* **YOUR ASSIGNMENT**:
Output, exactly as written, the lines of the data below from the one containing "-大麦微针植发丨全国连锁" to the end.

* **GIVEN MATERIAL**:
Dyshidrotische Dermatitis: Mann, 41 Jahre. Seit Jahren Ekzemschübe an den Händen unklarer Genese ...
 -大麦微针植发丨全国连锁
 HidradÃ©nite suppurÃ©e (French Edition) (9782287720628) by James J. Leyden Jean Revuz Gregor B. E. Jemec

* **ANSWER FOR THIS EXERCISE**:
 -大麦微针植发丨全国连锁
 HidradÃ©nite suppurÃ©e (French Edition) (9782287720628) by James J. Leyden Jean Revuz Gregor B. E. Jemec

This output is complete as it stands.